/---

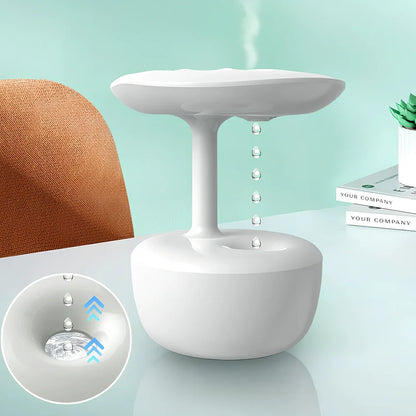 White lotus leaf shaped USB humidifier with mist output and LED illumination on wooden surface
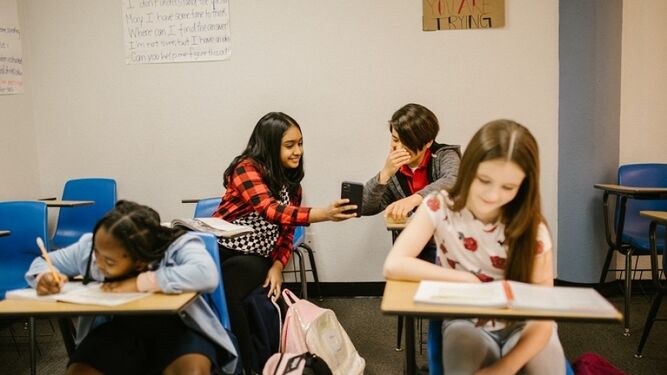 Un grupo de alumnos mira el móvil en clase.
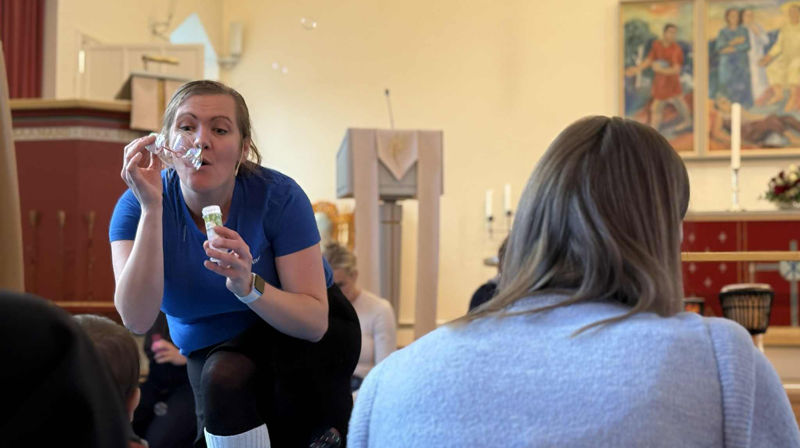 Randi Elisabeth Gullvåg blåser såpebobler til barna på babysangen i Heimdal kirke (Foto: Aud Kristin Saltvik Aasen)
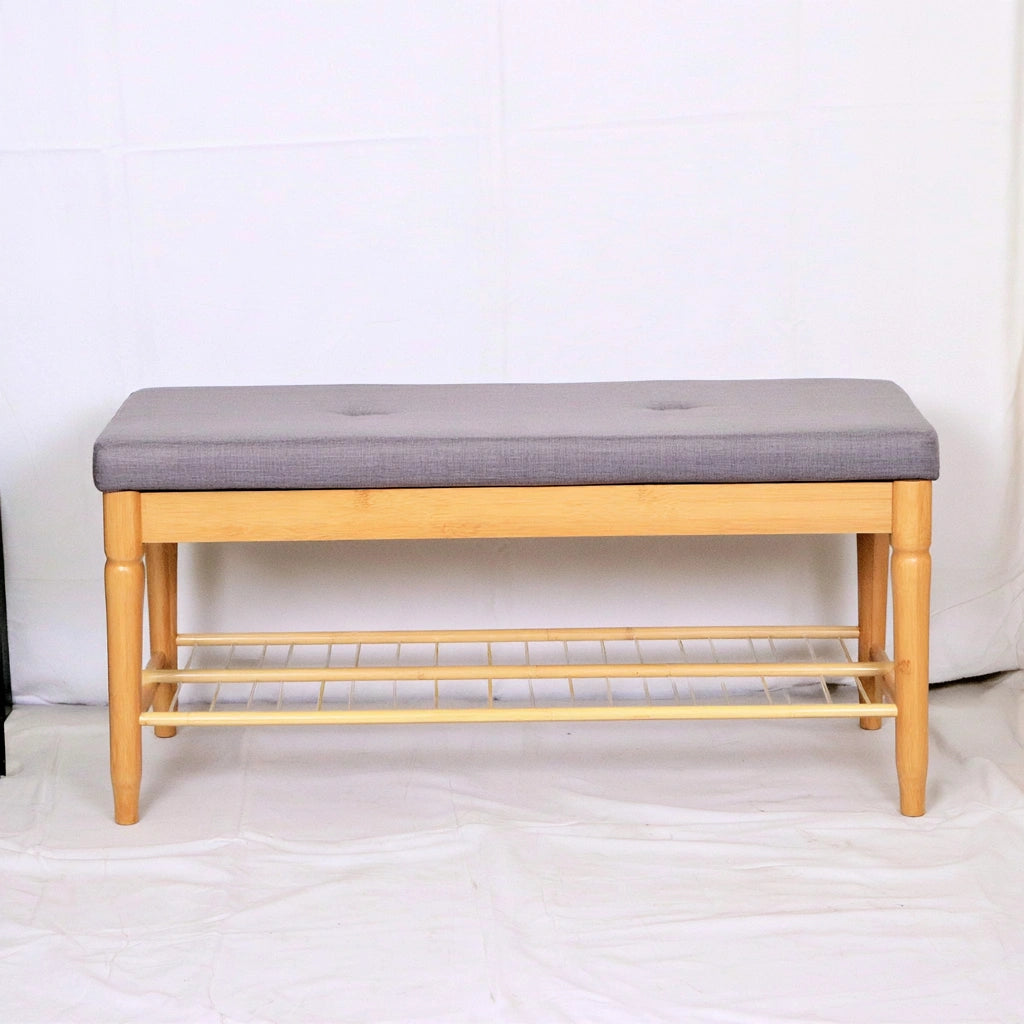 Minimalist bamboo shoe bench with built-in storage in natural brown, ideal for entryways and organizing footwear.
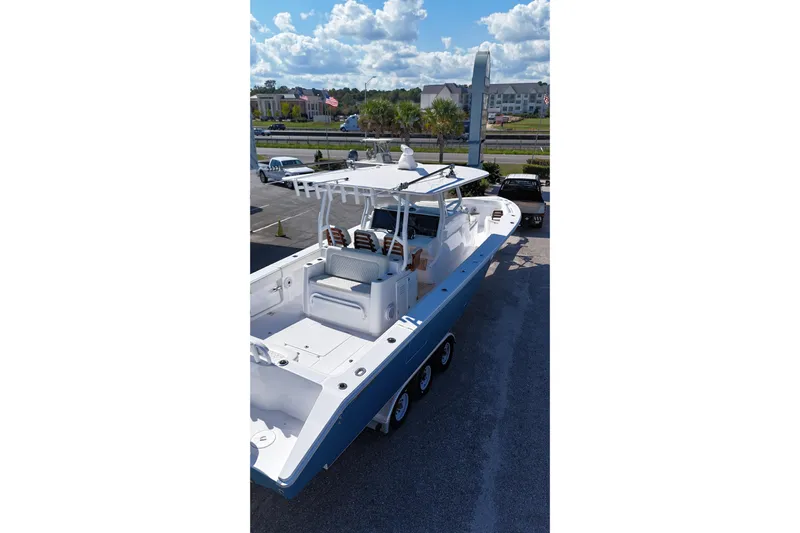  Yacht Photos Pics 2023 Jupiter 40 boat on trailer, parked outdoors under a partly cloudy sky.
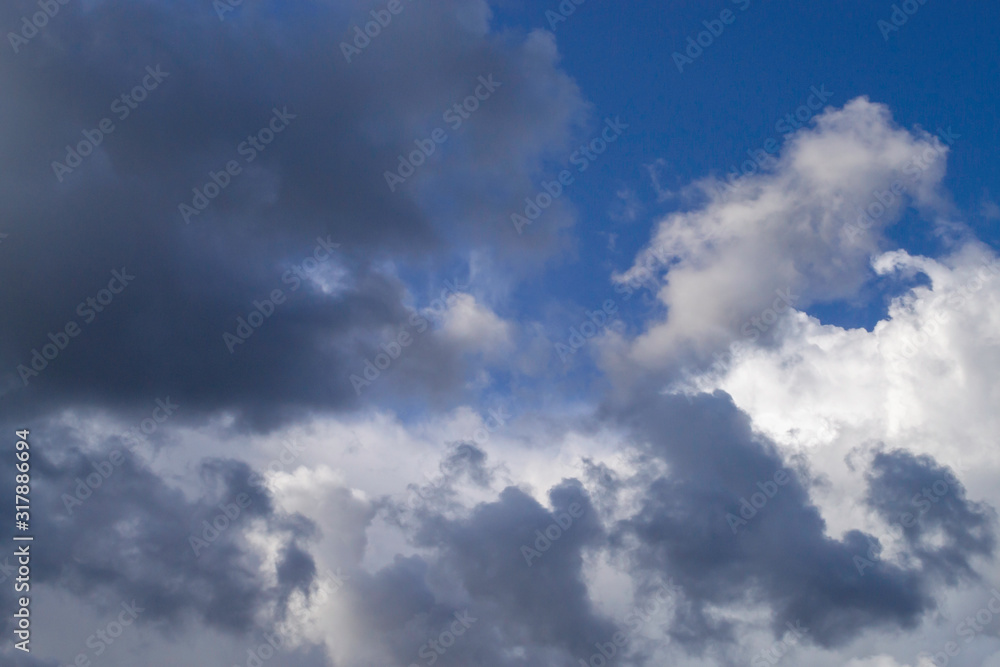 Grey cumulus clouds on blue sky before rain.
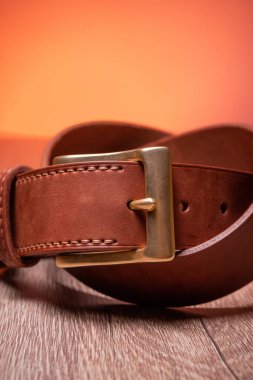 Deri kahverengi kemer, ahşap bir turuncu arka planda sonsuzluğun işareti olarak bükülmüş.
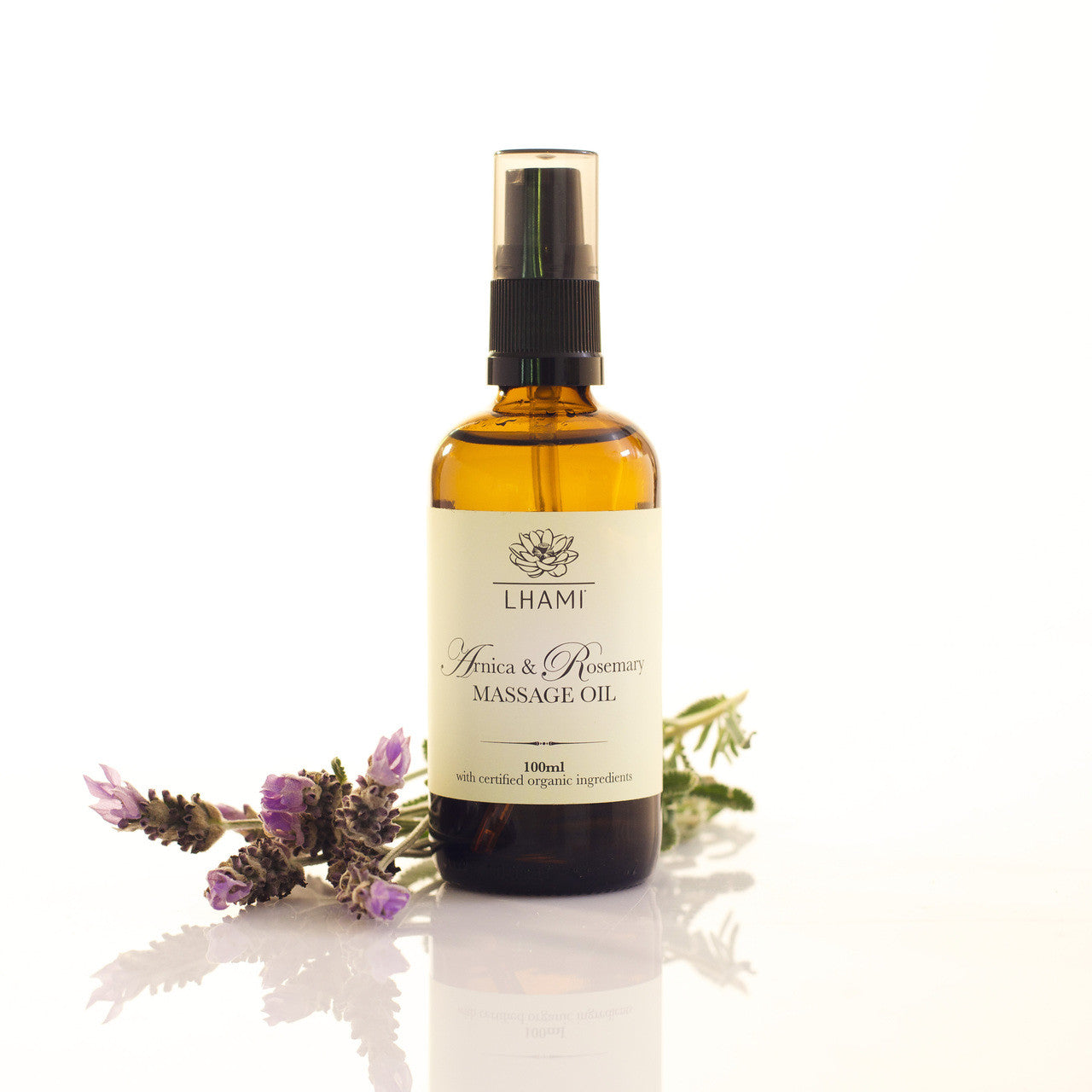 Bottle of Lhami massage oil with lavender flowers on a white background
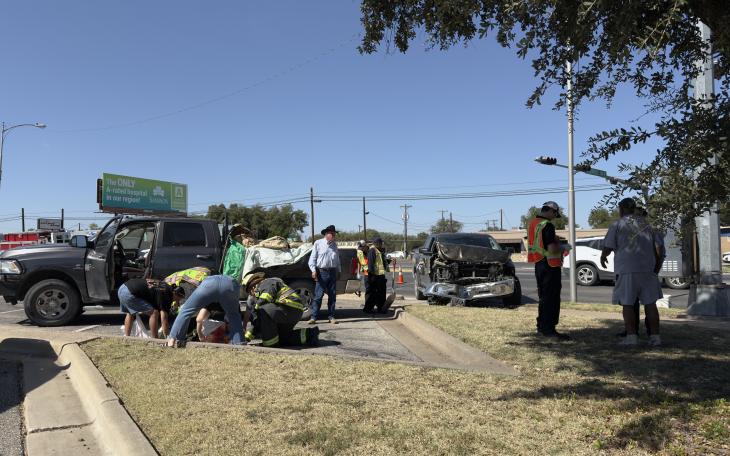 First responders assess the scene after two Dodge Ram pickups collided near the intersection of North Taylor Street and Sherwood Way. One of the trucks sustained heavy front-end damage, while no serious injuries were reported.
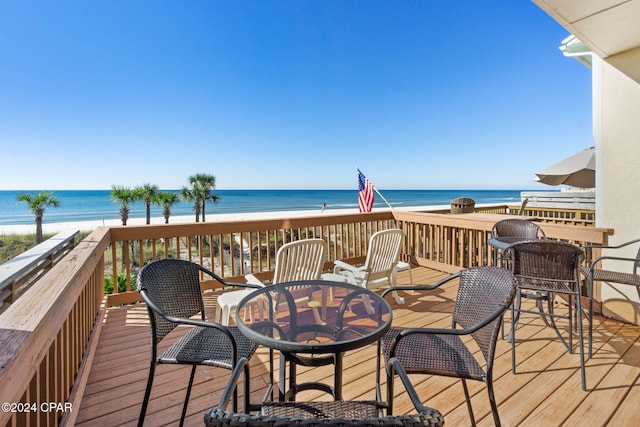 wooden terrace featuring a beach view and a water view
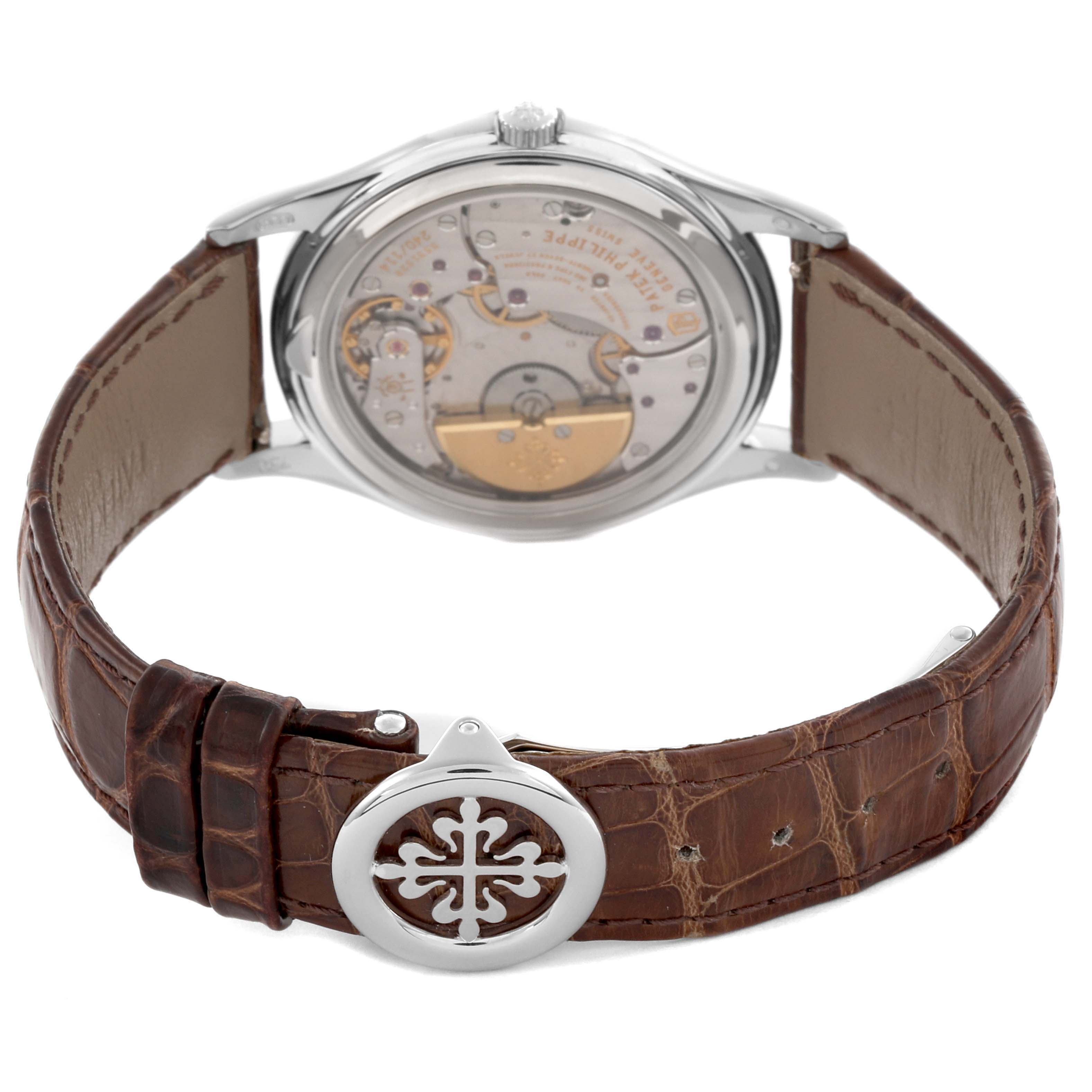 The Patek Philippe Complications 5140G-001 Men's White Gold Silver Dial 5140G-001 Men's White Gold Silver Dial watch is shown from the back, displaying the movement and leather strap with a branded clasp.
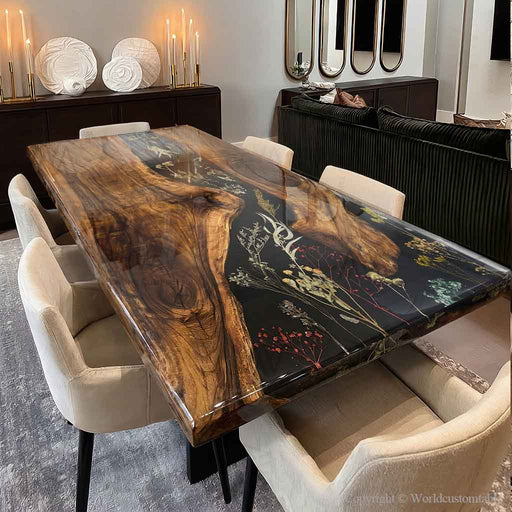 Modern farmhouse dining space featuring a handcrafted wood and resin table with natural floral design details
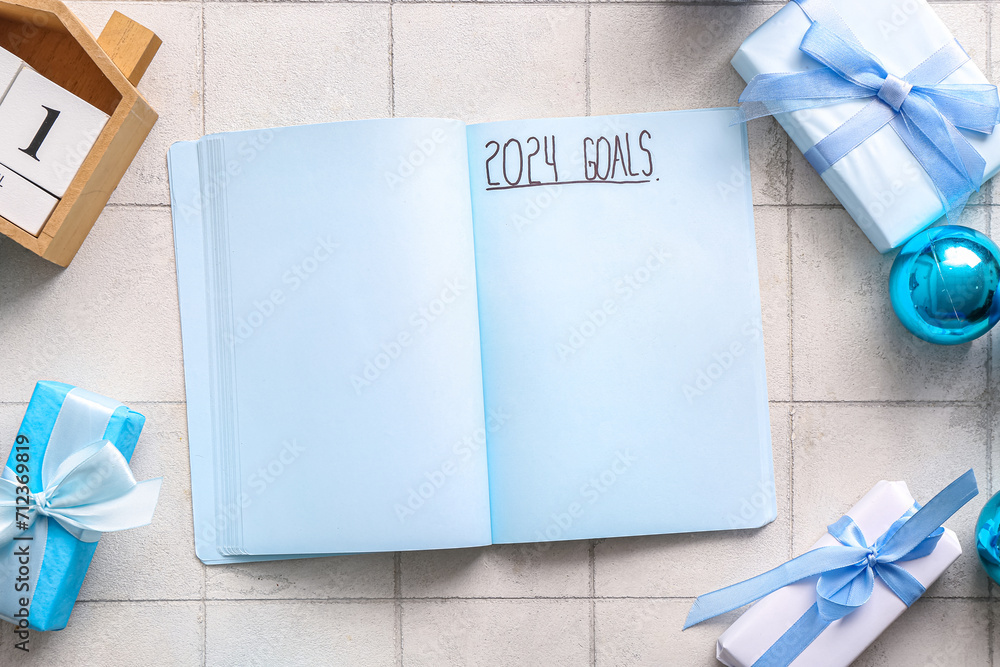Notebook with text 2024 GOALS and Christmas decor on white tile background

\---

Work instructions: All lines from the one holding "Minimalist bamboo shoe" to the end of the listing above need to be duplicated exactly. None of the pictures should be included.

Answer to this task:
 Minimalist bamboo shoe bench with built-in storage in natural brown, ideal for entryways and organizing footwear.
  Yacht Photos Pics 2023 Jupiter 40 boat on trailer, parked outdoors under a partly cloudy sky.
 Grey cumulus clouds on blue sky before rain.
 Deri kahverengi kemer, ahşap bir turuncu arka planda sonsuzluğun işareti olarak bükülmüş.
 Bottle of Lhami massage oil with lavender flowers on a white background
 First responders assess the scene after two Dodge Ram pickups collided near the intersection of North Taylor Street and Sherwood Way. One of the trucks sustained heavy front-end damage, while no serious injuries were reported.
 wooden terrace featuring a beach view and a water view
 The Patek Philippe Complications 5140G-001 Men's White Gold Silver Dial 5140G-001 Men's White Gold Silver Dial watch is shown from the back, displaying the movement and leather strap with a branded clasp.
 Modern farmhouse dining space featuring a handcrafted wood and resin table with natural floral design details
Notebook with text 2024 GOALS and Christmas decor on white tile background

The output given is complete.